The values of the quantitative criteria acquired by QCANet varied among embryo. There were two possible causes for this variation: biological variability and segmentation errors made by QCANet. To examine whether this variability was caused by biological variability, we created the correct answers for the number of cell nuclei, volume, surface area and specific surface area at 11 time points based on the ground truth. We found that the number of cell nuclei varied among embryos from 1.4 days after fertilisation, and other criteria varied among embryos at all time points (Supplementary Fig. 9, cross mark). Then, we created the correct answers for the centre of gravity coordinates of cell nuclei and the synchrony of cell division, and examined the variability among embryos. We found that the values of the centre of gravity coordinates (Supplementary Fig. 10a) and the synchrony of cell division (Supplementary Fig. 11) varied in each embryo. Therefore, the quantitative criteria had biological variability among early mouse embryos.

To examine whether QCANet accurately captured this biological variability, we tested its segmentation error. The segmentation accuracy of QCANet was considerably lower in the early (~0.35 days) and late (after ~2.8 days) stages than in the other stages (Supplementary Fig. 12a). The decrease in accuracy at ~0.35 days was because one of the four embryos in the test data had low accuracy of segmentation (IoU, SEG and MUCov values were 0.418); in this embryo, the fusion of the male and female pronuclei occurred at this time point (Supplementary Fig. 12b). After ~2.8 days, the accuracies for all four embryos of the test data were consistently decreasing. For the number of cell nuclei, volume, surface area and specific surface area, the comparison of QCANet values with the correct answers showed that the effect of QCANet error was small before 2.8 days, except for ~0.35 days (Supplementary Fig. 9). For the centre of gravity coordinates, we qualitatively confirmed that the difference between correct values and values extracted by QCANet was almost consistent (Supplementary Fig. 10). Many fewer gravity coordinates of nuclei were extracted by QCANet than in the ground truth (e.g., in Emb. 8 in Supplementary Fig. 10, the number of red dots was considerably lower in the QCANet results than in the ground truth).

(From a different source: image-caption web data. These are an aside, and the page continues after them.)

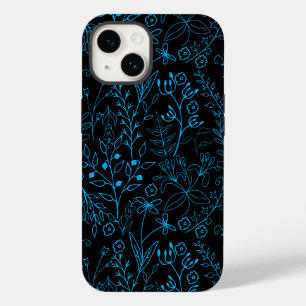 Bloemen Patroon klassiek mono Toon Blue.A07 Zwart Case-Mate iPhone 14 Hoesje
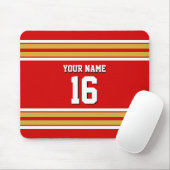 赤い金ゴールドの白いチームジャージーカスタムな数名前 マウスパッド (マウス)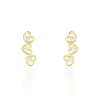 Histoire d'Or Boucles D'oreilles Puces Daria Coeur Triple Or Jaune Oxyde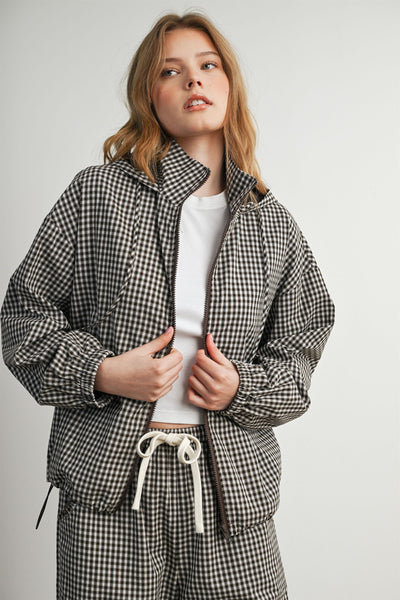 Checked Hooded Wind Breaker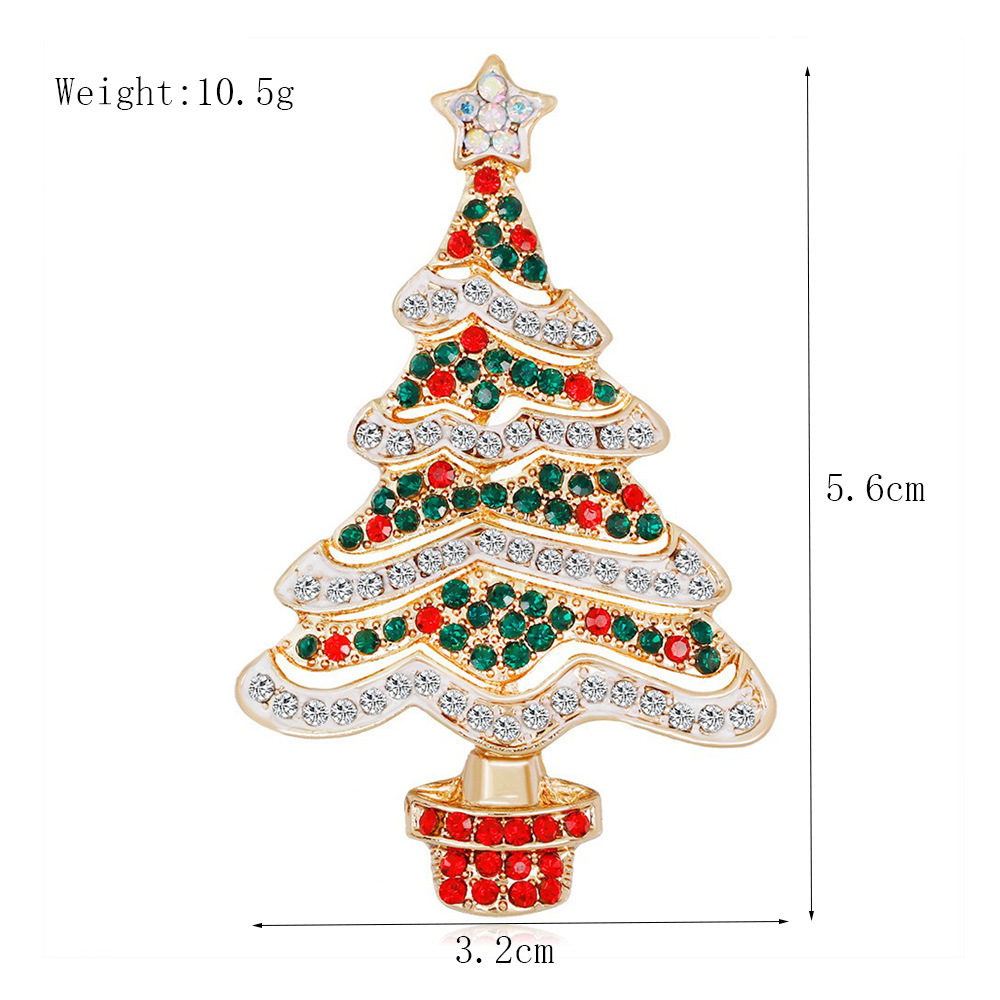 Picture of Lanhao European and American New Fashion Christmas Brooch Christmas Tree Shoes Elk Wreath Snowflake Bell Pin Women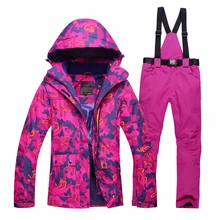 Женский модный лыжный костюм, зимняя куртка, одежда для сноуборда, цветная лыжная куртка, зимние штаны, комплект, водонепроницаемая ветрозащитная спортивная одежда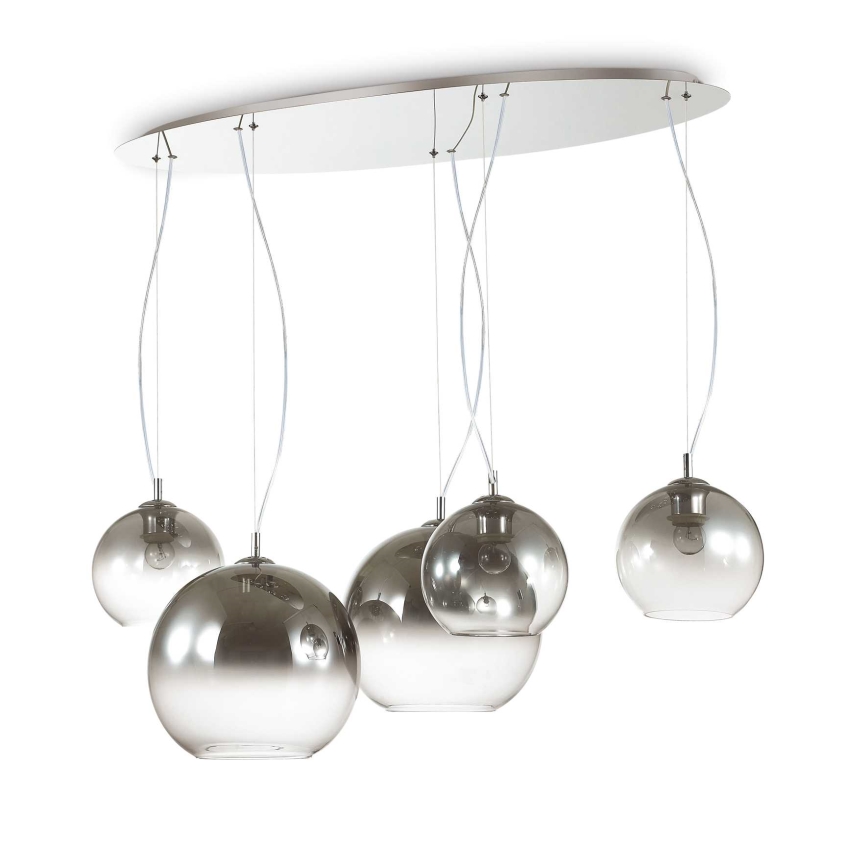 Ideal Lux - Pendelleuchte NEMO PLUS mit Kabelabhängung 5xE27/42W/230V glänzender Chrom/rauchgrau
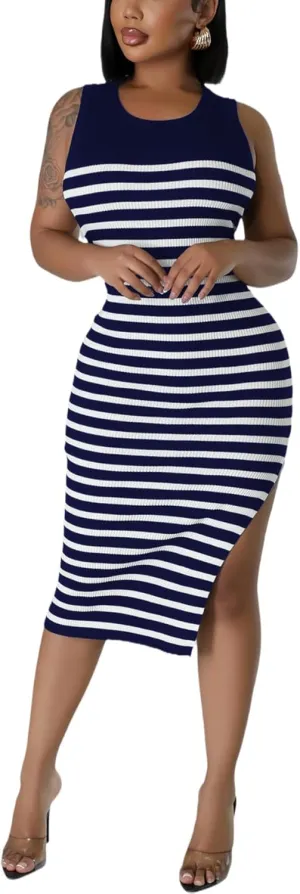 Women's Casual Ribbed Knit Bodycon Tank Dress Round Neck Sleeveless Slit Midi Dresses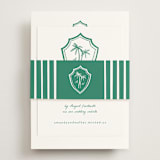 "Palm Tree Crest" - RSVP Online Enclosure Cards in Palm by Erika Firm - Assembled with Belly Band
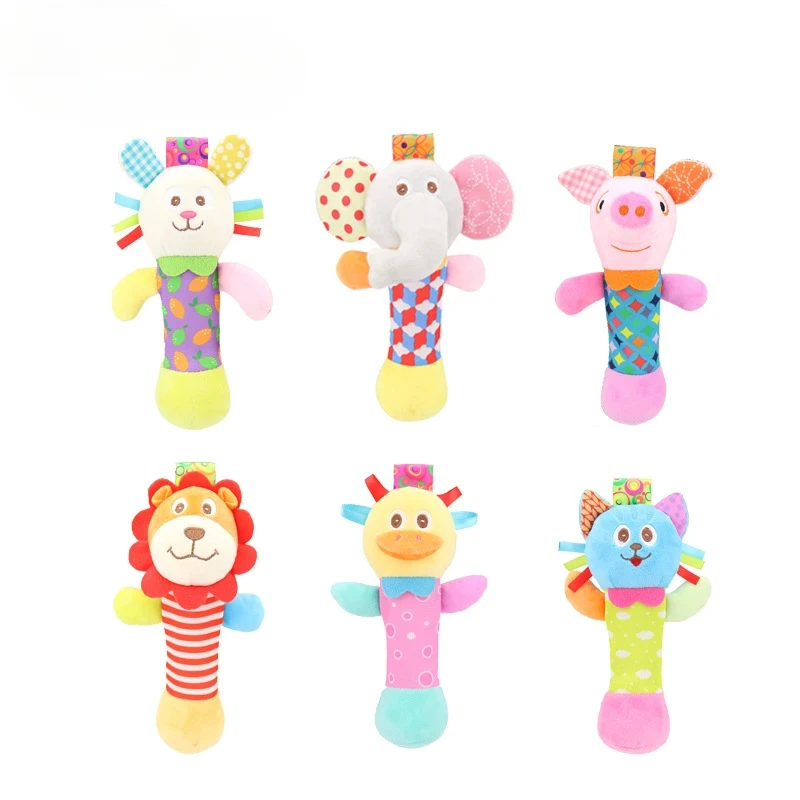 Plush Baby Rattle Toys Infant Rattle Hand Bell Stick Animal Mobiles Toy for Toddler Children Plush Bebe Toddler Toys Gifts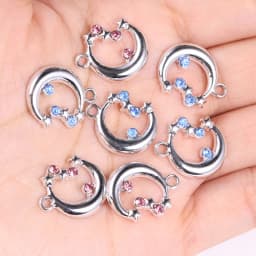 10Pcs Exquisite Zircon Alloy Sun Moon Pendant Handmade Jewelry Making Necklace Earrings Charms Diy Craft Accessories Findings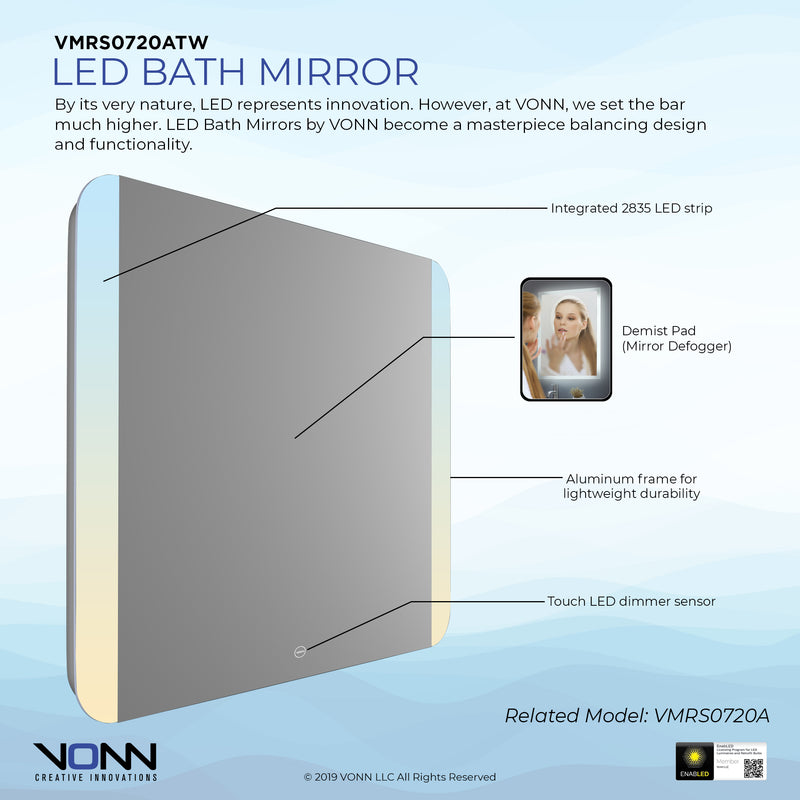 VONN VMRS0720A LED Bath Mirror in Silver, Rectangle 30"W x 24"H or 36"W x 30"H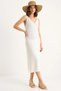 Women's V-Neck Strappy Summer Knitwear Ecru Dress - 2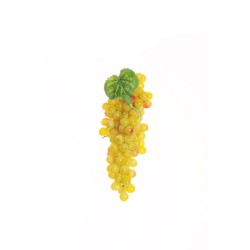 Lot de 12 - Mini grappe artificielle de raisins ronds X148, 19 cm - moutarde 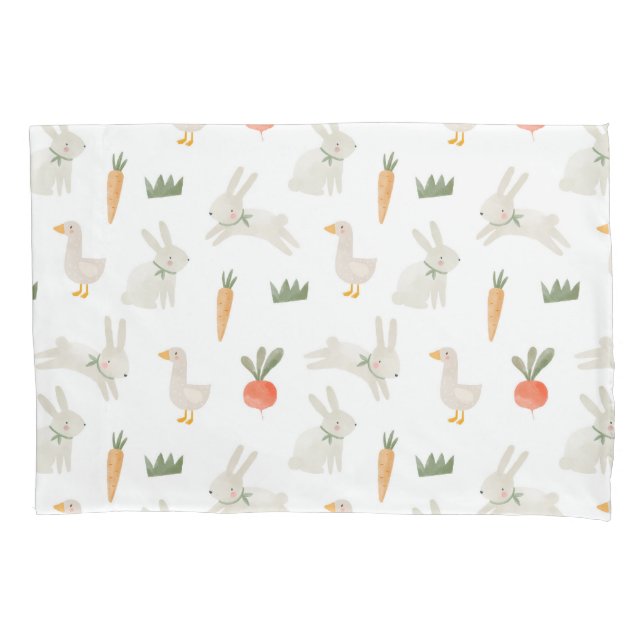 Bunnies & Ducks on the Farm Pattern Pillowcase (Front)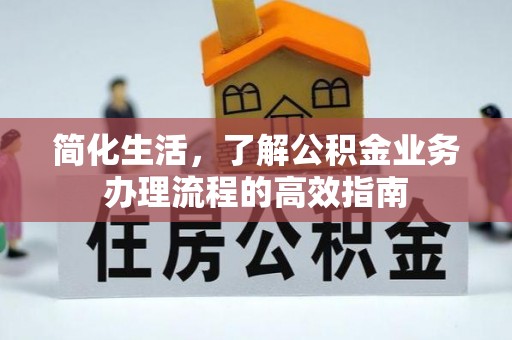 南川简化生活，了解公积金业务办理流程的高效指南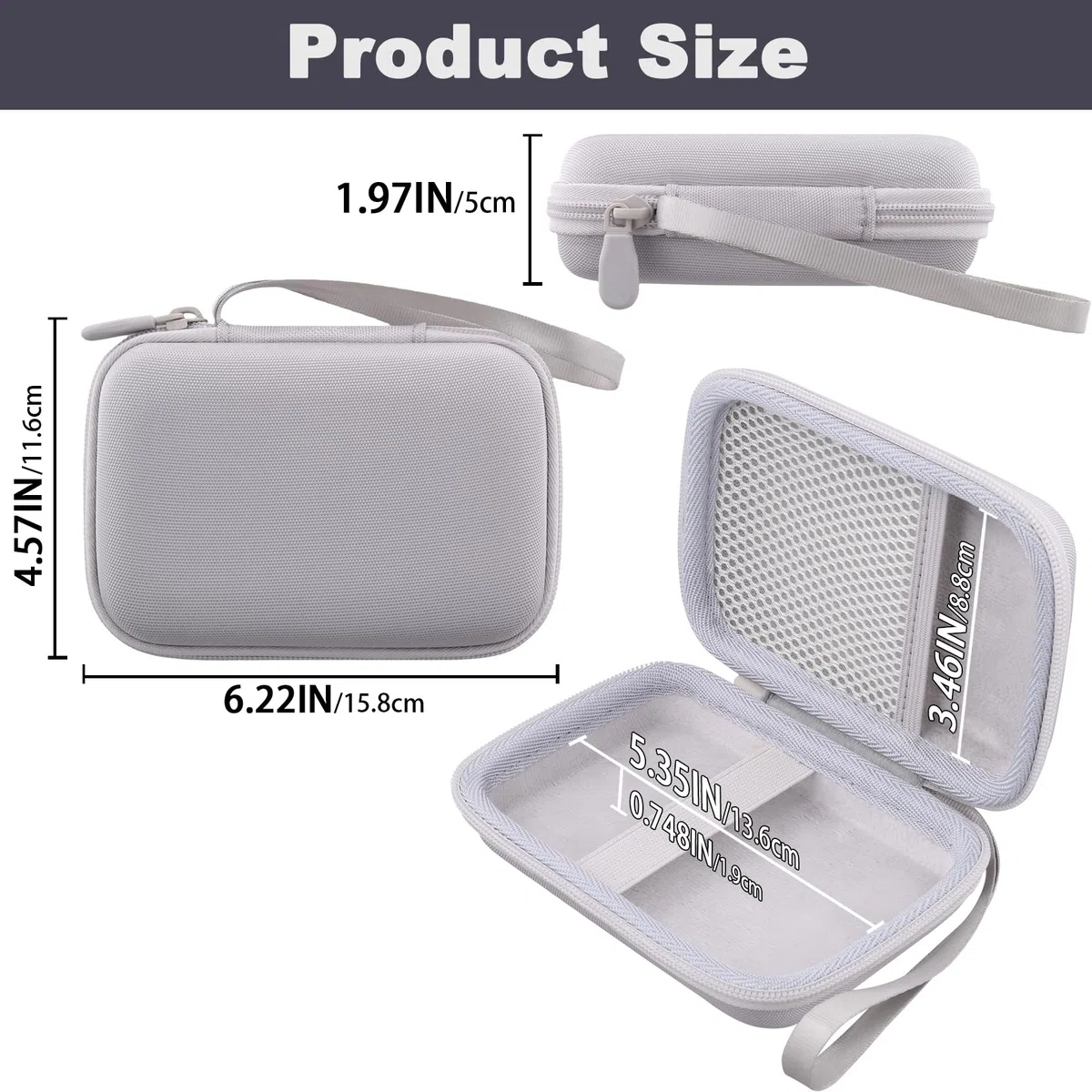 Estuche rígido de Viaje Impresora fotográfica Liene 2x3” (Blanco)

This trend was caused by the high false-negative error of QCANet at the late stages of development. For the synchrony of cell division, the cell stage determined by QCANet was consistently lower than that of the ground truth from 2.8 days for all embryos (Supplementary Fig. 11). This trend could be caused by nuclei missing by QCANet. Overall, we concluded that the quantitative criteria acquired by QCANet accurately captured biological variability except at ~0.35 days and after ~2.8 days.

The number of the nuclei of outer cells specifically increased and that of inner cells almost remained constant from the morula to the blastocyst stage. This could be induced by a difference in the manner of cell division in which outer cells may divide only into outer cells, whereas inner cells may divide into inner cells and outer cells. TE proliferates by repeated fission at the morula and blastocyst stages52,57. ICM but not TE has the ability to divide into ICM and TE58. We discovered a continuous increase in the number of outer cells, which might be required for proper development.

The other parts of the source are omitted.